When we choose to participate in our own genuine relationship with God, God’s ways will be revealed to us and God will invite us to participate in establishing peace on earth. Peter is told that he now holds the keys to kingdom of God. In traditional scriptural language these keys are promised the ability to bind or loose whatever Peter wills. Peter is given the ability to offer to others access to the ways of God. God desires to give to each one of us these keys that lead to true and eternal freedom for all of creation. The more who hold and compassionately control these keys, the more God’s reign of kindness will be understood in our cities, nations, continents and around the globe.
However, these keys can only be given to those who authentically approach the question: “Who do you say that I am?” Only after we wrestle with our own understanding of God can we truly offer God to those around us. These keys also grant us freedom to constantly re-understand God and God’s ways in the light of modern day science and thought. All who approach God and Christ authentically are given the ability bind and loose, to say yes or no, to think for their own self and to offer the freedom for their neighbor to do the same. True freedom is not found in a denial of God but rather in our acceptance that God calls each one of us to understand for ourselves who God is. We do this by entering into a personal and meaningful relationship with the Divine.
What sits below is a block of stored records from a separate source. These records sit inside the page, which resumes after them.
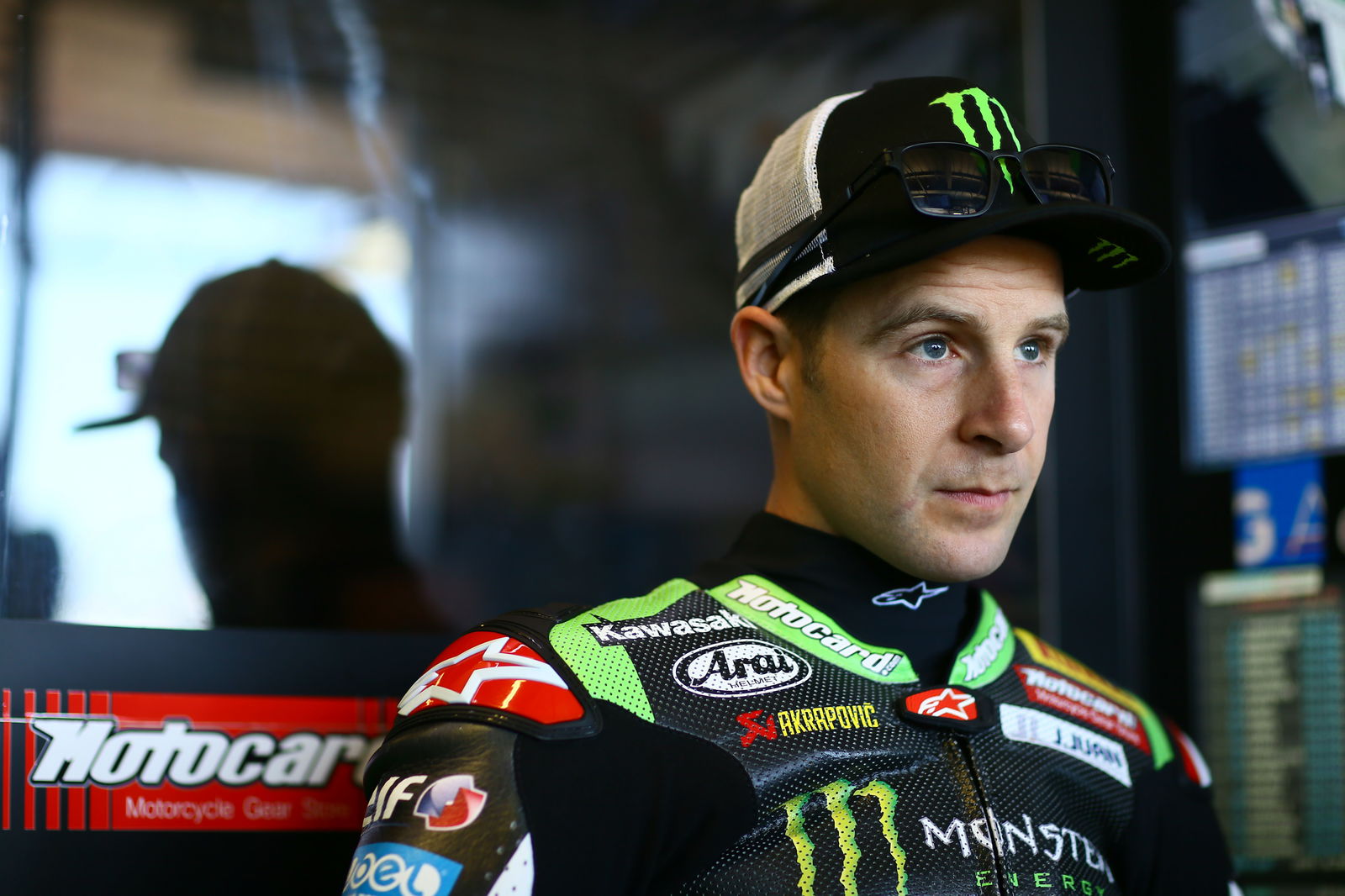 Jonathan Rea, Donington WSBK 2017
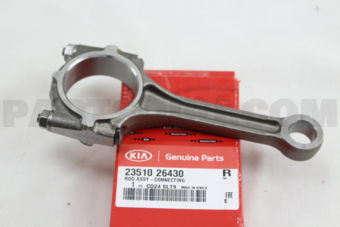 Hyundai / KIA 2351026430 ROD ASSY-CONNECTING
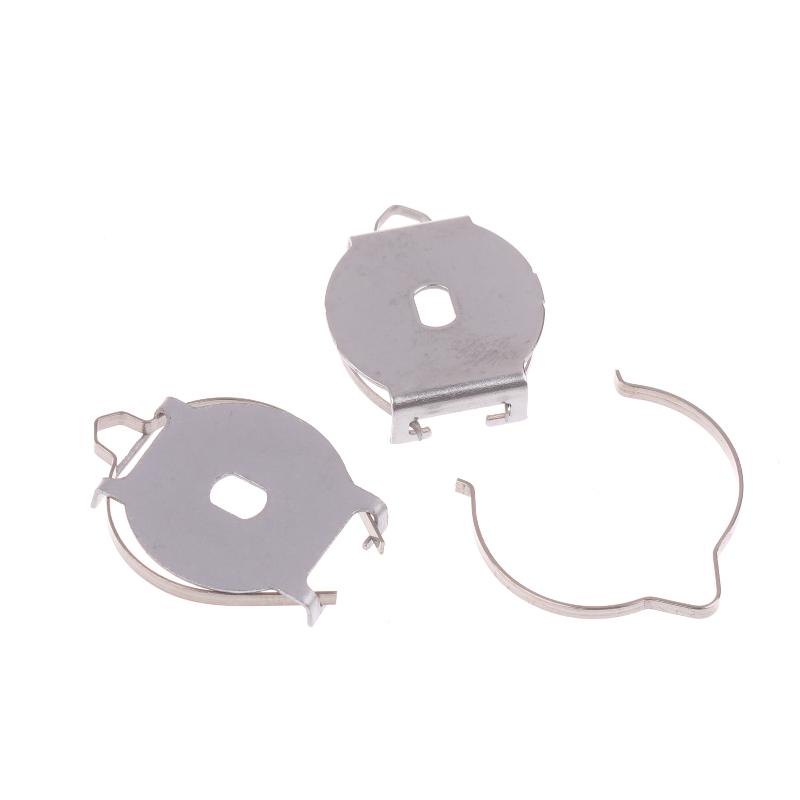 1Pcs Stainless Steel Sound Spring Release Click Hloder Lure Fishing Reel Parts Sound Click Holder For Bearking Fishing Reel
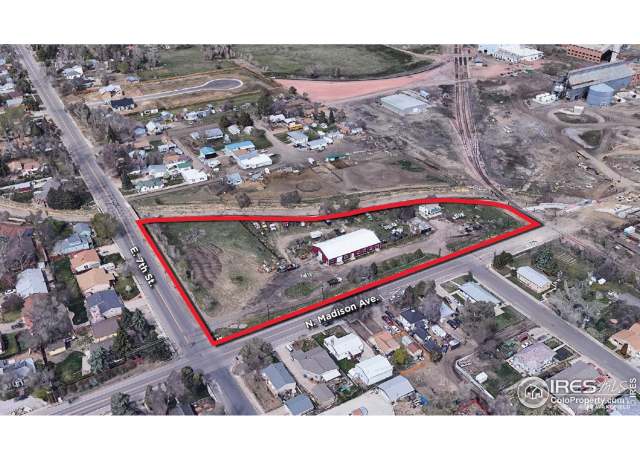 Property at 729 Madison Ave, Loveland, CO 80537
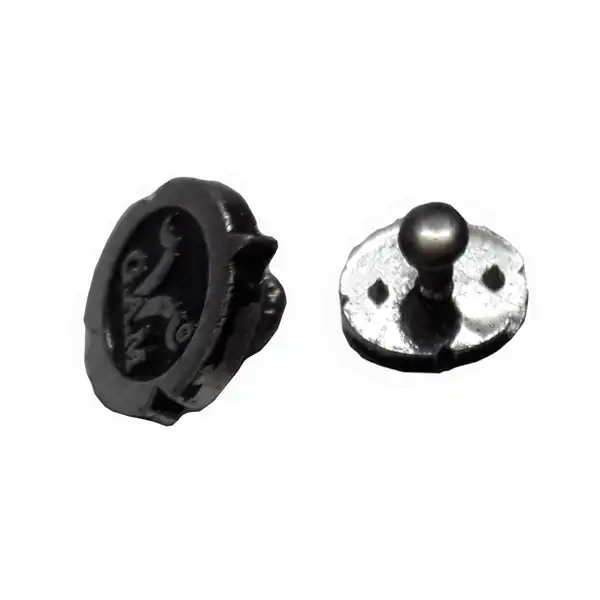 یراق تزئینی کیف و کفش مدل GAM مجموعه 20 عددی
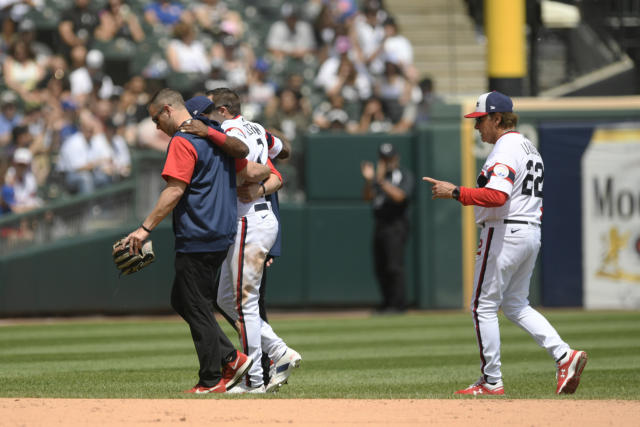 White Sox shortstop Tim Anderson hits his first home run of season -  Chicago Sun-Times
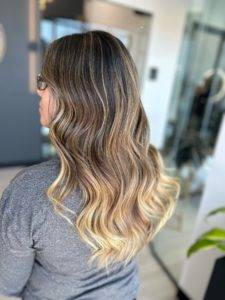 Balayage Treatment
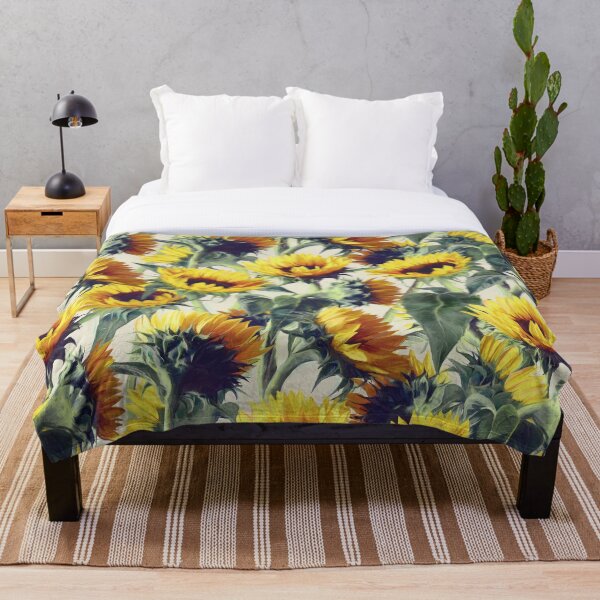 Item preview, Sunflowers Forever designed and sold by micklyn.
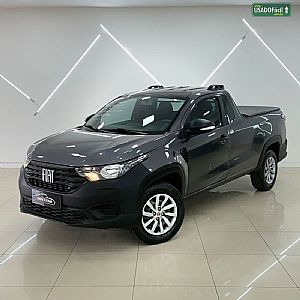 Fiat Strada 2025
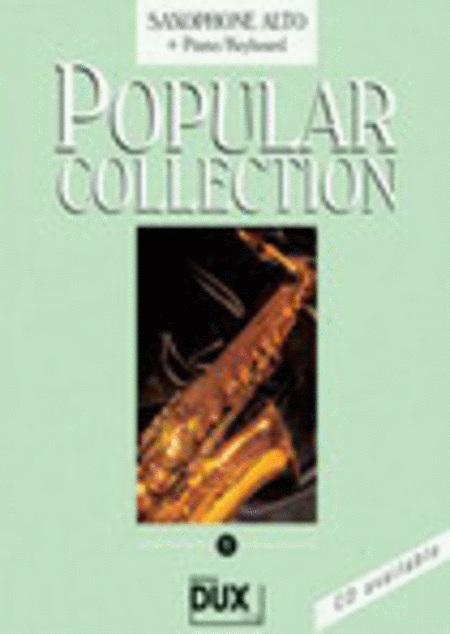Popular Collection 1 Band 1 - Alto Saxophone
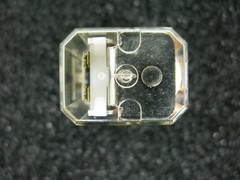 (1) AMERICAN ZETTLER AZ428-56-211 DPDT 48vdc 2.5k Ohm 2 Form C PC Mount Relay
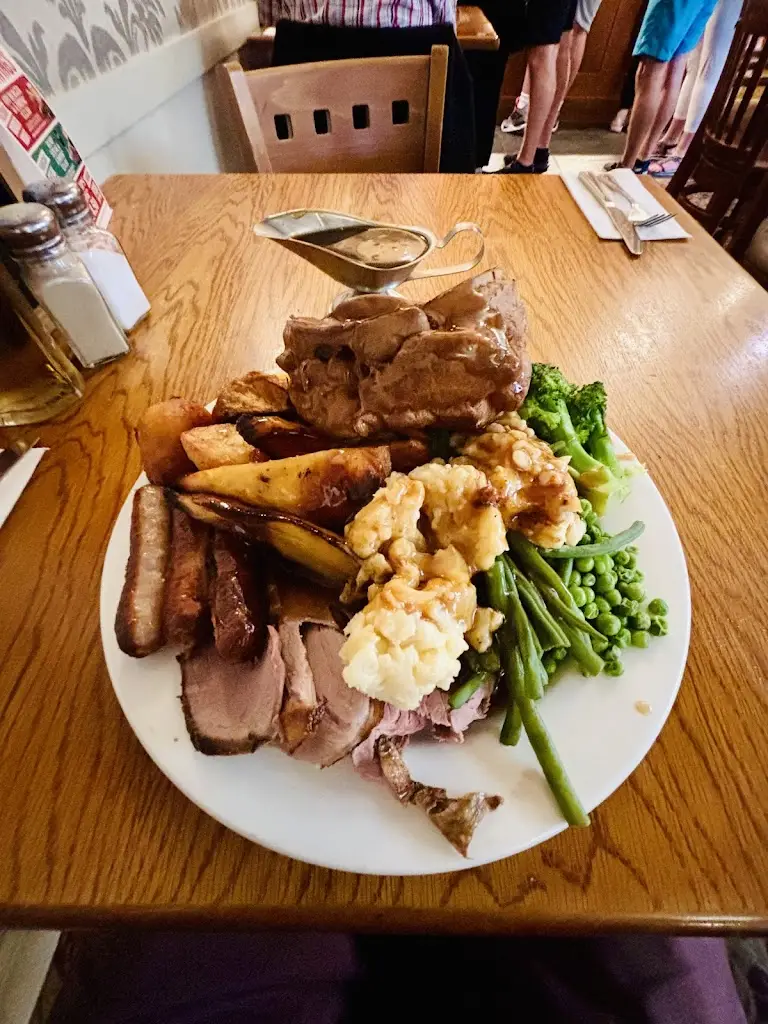 Menu_Castle Carvery - Caister_Caister-on-Sea_image_5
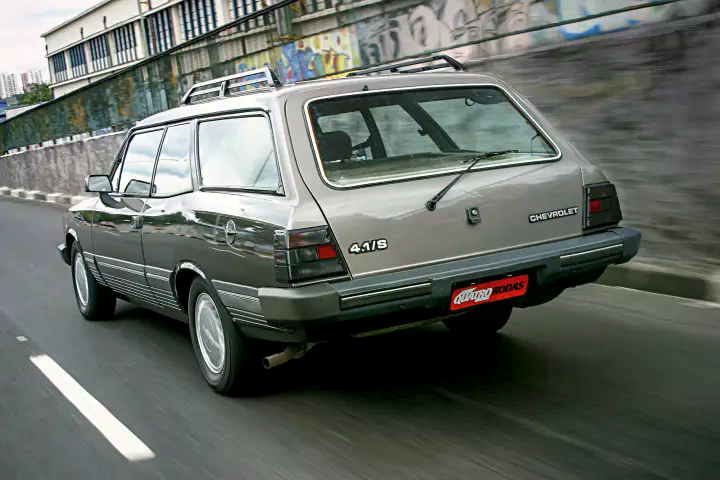 Chevrolet Chevrolet Caravan Diplomata SE 4.1/S 1992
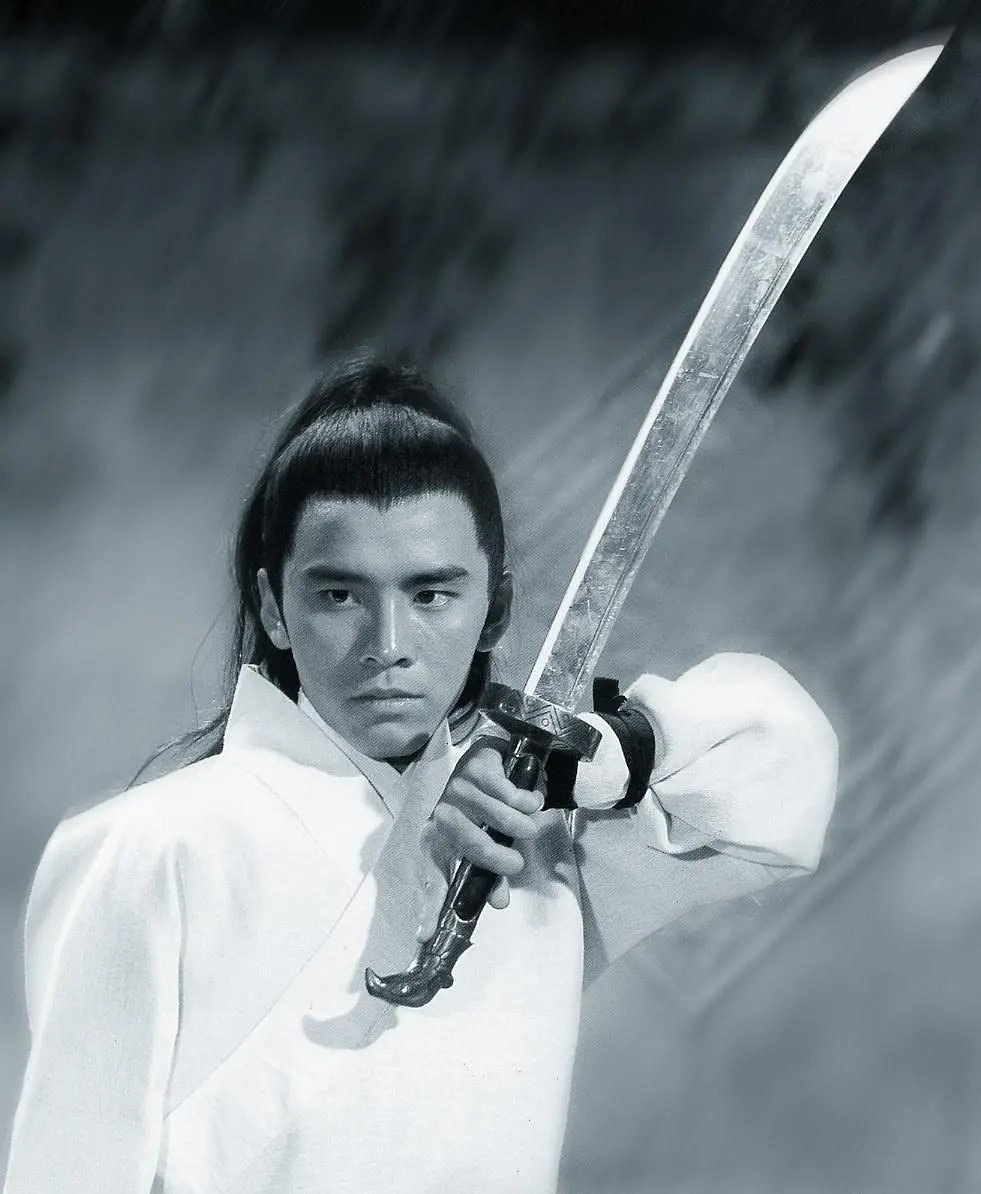 新独臂刀剧照2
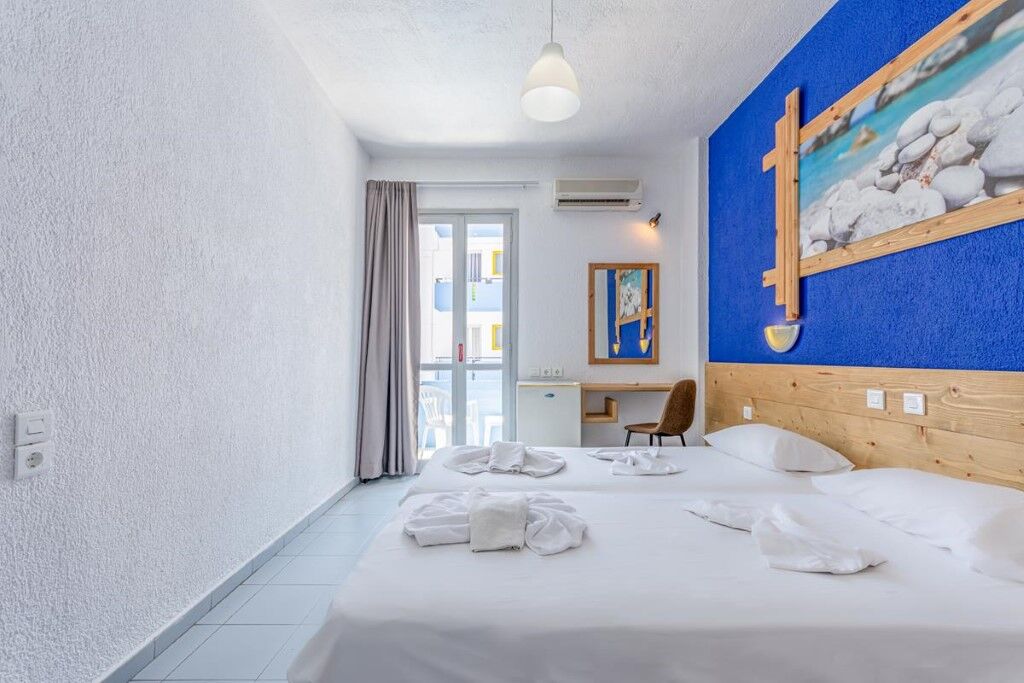 Simple Hotel Hersonissos Sun Kültér fotó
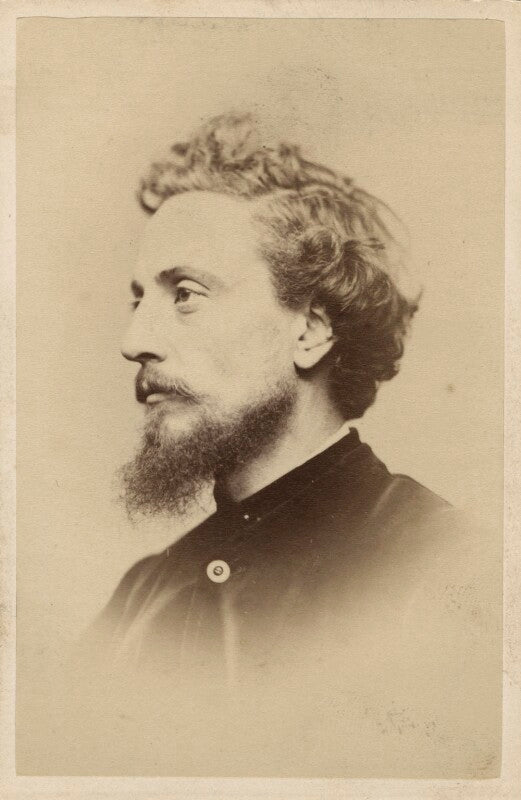 John dawson watson npg ax28972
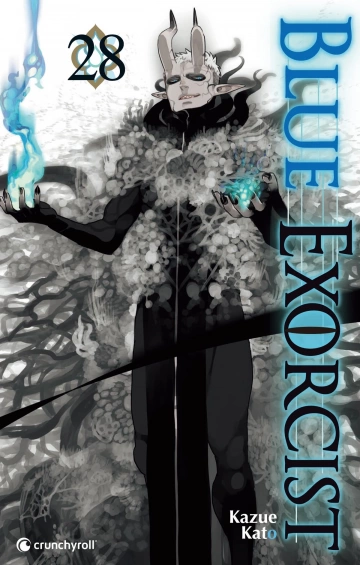 Blue Exorcist T28 - Kazue Kato [Mangas]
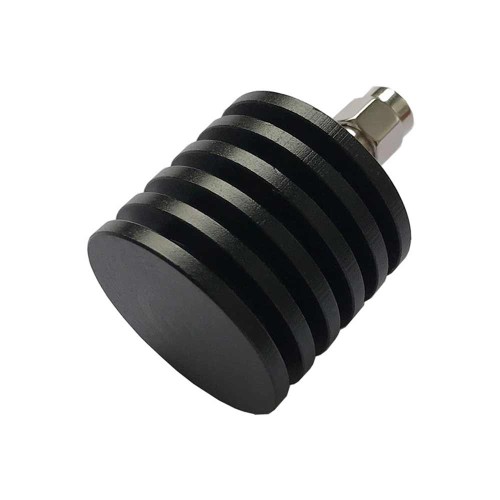 5W SMA Male RF Coaxial Fixed Terminal Termination Load DC-3/4/6G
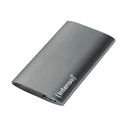 Εξωτερικός Σκληρός Δίσκος 256GB Intenso Premium SSD - USB 3.0 - gray
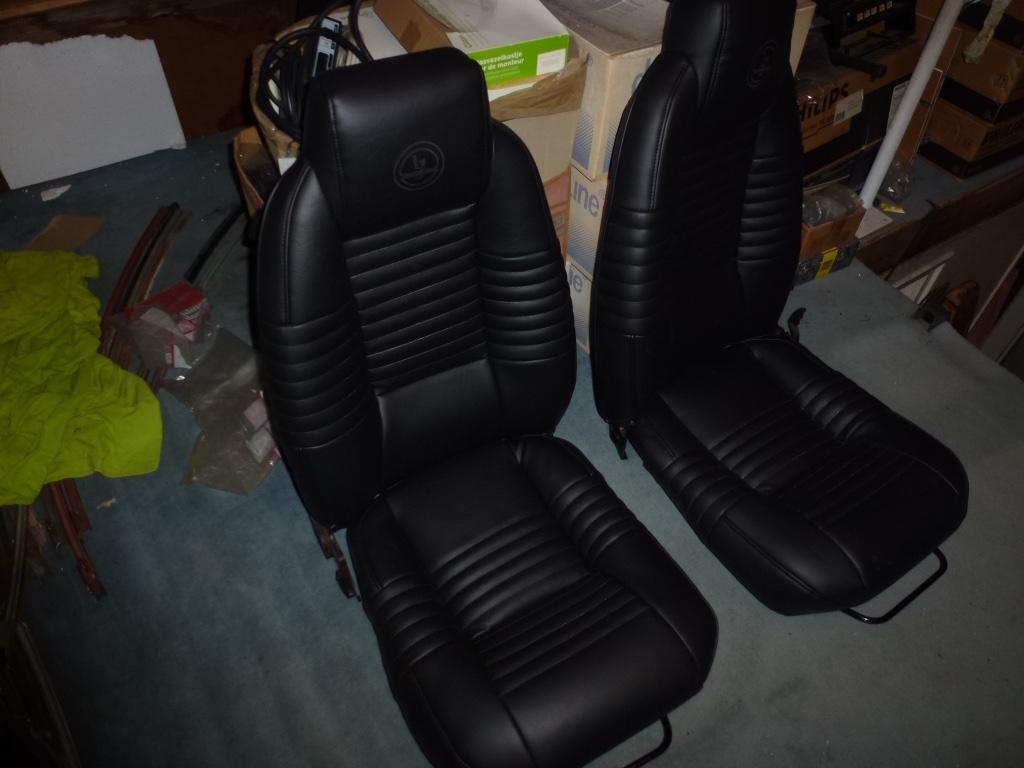fiat x1/9 stoelen in stof,skai ,leder alle kleuren leverbaar, Nieuw, Fiat, Achter, Verzenden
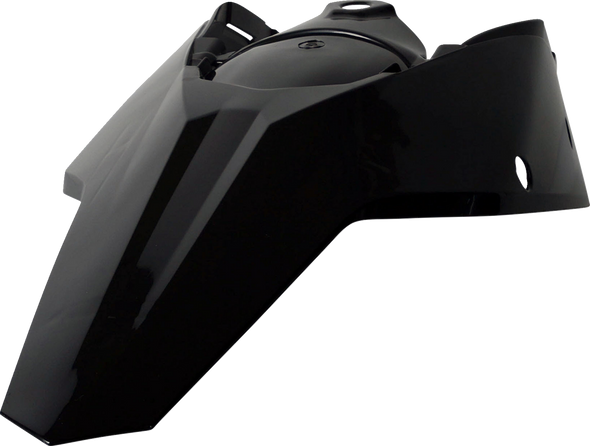 Polisport Fender - Rear - Black - Ktm 8567900007 Polisport Fender - Rear - Black - Ktm 8567900007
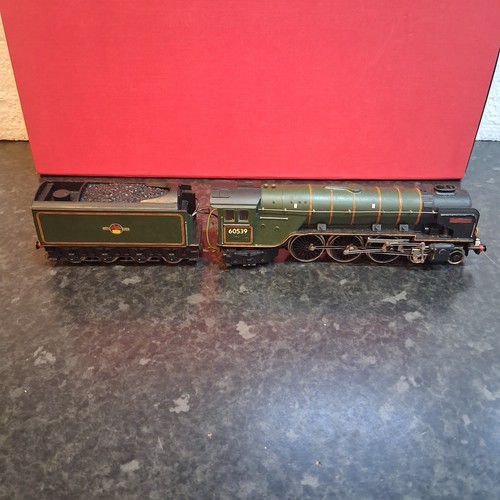 Bausatz gebaut ??? OO Spur 4-6-2 60539 Bronzino. Beschreibung lesen Ref PTD8 | Zustand: Used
Personal relationships are not easy. They get dirty. There is fighting, disagreement, bad days and good days. Real relationships have doubts and hopes, confusion and understanding. Relationships are not for the faint of heart. A sincere relationship with God is no different. Jesus doesn’t ask you to give an expected answer today or any day; Jesus asks you to declare for yourself who he really is. Who is God? If you dare to explore your answer you may just find yourself being given the gift of leading others to a place of wholeness and peace.